On such a glorious autumn day, it was a shame that I was a little under the weather today, but being the martyr I am I still turned up to help feed the world. And I am glad I did. It’s in my diary every week and generally I try to work around it when arranging the rest of my crazy social schedule. I like what I do and I am pretty sure it helps my mental health, as well as the mental health of some of our callers.
It was an average day today, with a quick flurry of callers early on and then more of a dribble of callers until closing time. There were a number of first time callers today and that always makes me work a little harder. I can only imagine what it’s like going to a food bank at all, never mind for the first time ever. People have told me it’s embarrassing, humiliating and that it’s damaging to their pride. No one, I know, wants to admit that they simply can’t manage anymore and a food bank is the end of the line. I want to put someone at ease as soon as I can and explain what we do and how we do it. What I say depends on what they say and how I think they are feeling. Keep it simple is a decent way of looking at it.

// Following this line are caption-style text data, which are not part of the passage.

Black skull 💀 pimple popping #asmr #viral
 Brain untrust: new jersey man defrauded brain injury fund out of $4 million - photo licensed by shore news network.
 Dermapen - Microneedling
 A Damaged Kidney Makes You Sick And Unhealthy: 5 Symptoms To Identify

I am always in awe of my volunteer colleagues. We hear a lot in life about being “professional” and of course we aren’t professionals by any stretch of the imagination. Yet I would say each and every one of them is a consummate professional in the work that they do and the way in which they do it. Given that most of are mature, at least in terms of years, that indicates we have learned something useful in our working lives. When I joined, I half-expected a kind of semi-chaotic happy hour but I was soon put right on that. It works like clockwork, with just the right combination of compassion and efficiency.

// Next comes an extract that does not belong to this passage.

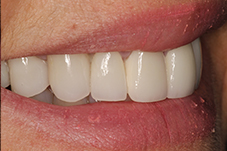 Closeup of Lisa's smile from left after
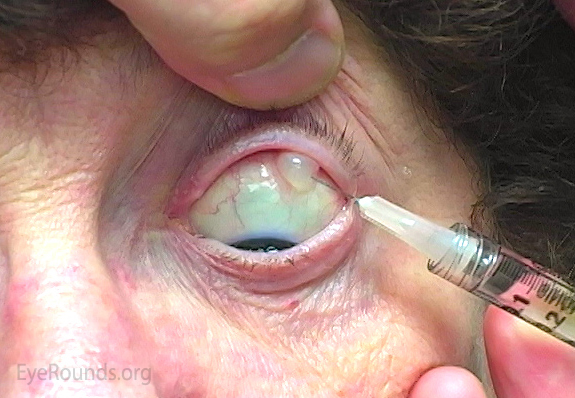 Subconjunctival injection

Next week, it’s the pre Christmas collection at a local supermarket, where we act like poverty chuggers as people walk through the door, hopefully providing them with a helpful list of things they could buy and then donate. We are not stupid and recognise that times are tough, so we will be at pains to not put people under pressure. I know from painful and embarrassing experience how awkward one can feel when they are asked to make a charitable donation and simply don’t have the money to do so. As my loyal reader will know, I have my reservations about one-off “let’s do a parcel for Christmas and then forget about poverty for the rest of the year” type events because, as I do tire of saying, food poverty isn’t just for Christmas. What we do is on top of everything else we do all year round and our food bank will be open as usual between Christmas and the New Year But if you are badgered into these one-offs, then don’t not do it because I am such a cynical sod because it may help someone forget just how shit life is just for a few days of the year.

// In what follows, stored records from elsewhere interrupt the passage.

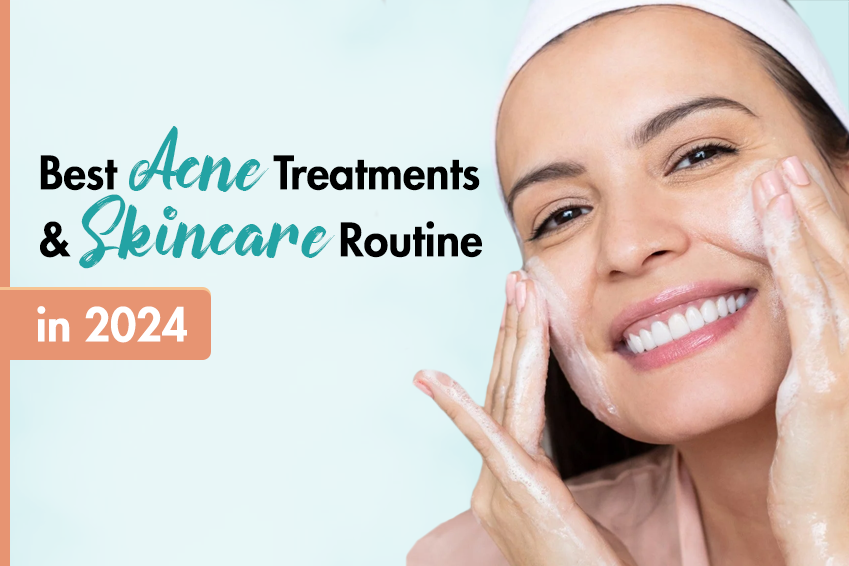 Best Acne Treatments and Skincare Routine in 2024
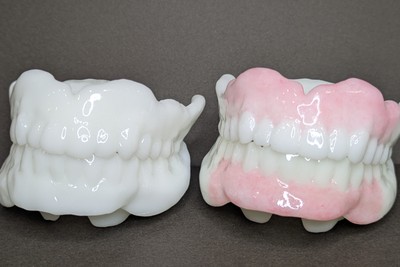 左：白一色　右：歯茎部分色付け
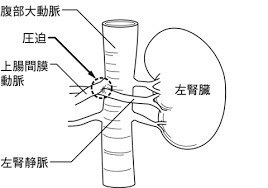 ナイトクラッカー現象の仕組み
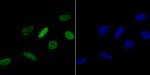 H4K16ac Recombinant Rabbit Monoclonal Antibody (JB21-44)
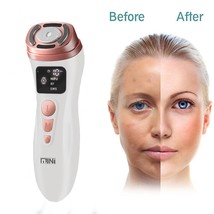 Mini Hifu Skin Care Machine Ultrasound Rf Facial Beauty Device Face Lift - £55.30 GBP+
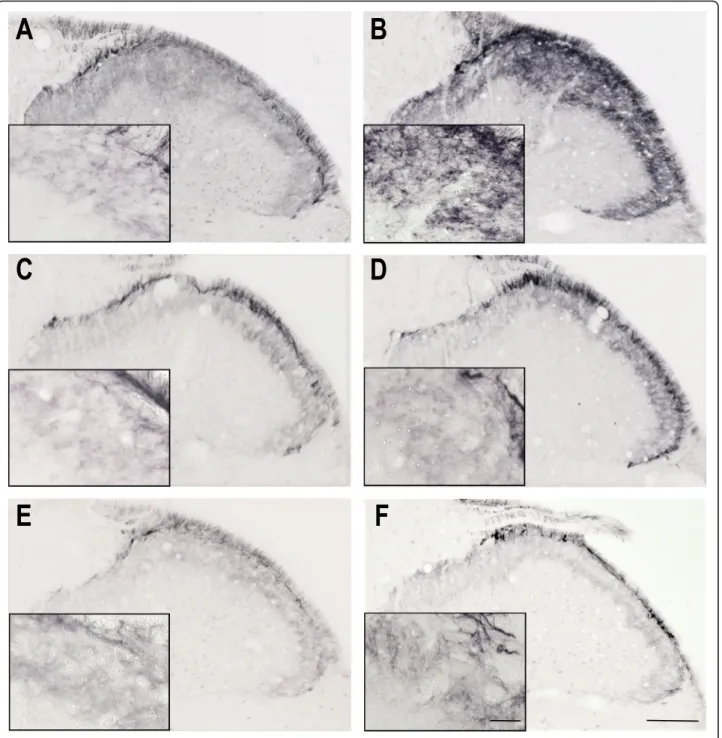 Fig. 4 TRPV1 immunoreactivity 4 h after IS treatment Representative photomicrographs of the TRPV1 expression in the trigemino-cervical segments after 4 h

Finally, I’d like to report that a senior gentleman turned up this afternoon to donate a few items to us. He does this relatively often and I am always touched by his presence (dear). My guess is that although he is always smartly turned out, he is probably not in the highest tax bracket, but nonetheless is moved to do what he sees as his bit. Of course, I was over-gushing in my thanks to him – I can’t help myself – and I wanted him to know what a difference people like him made to people’s lives. It made my day, to be honest, and I felt my eyes start to moisten, before I remembered I had to interview someone who had just arrived to see us.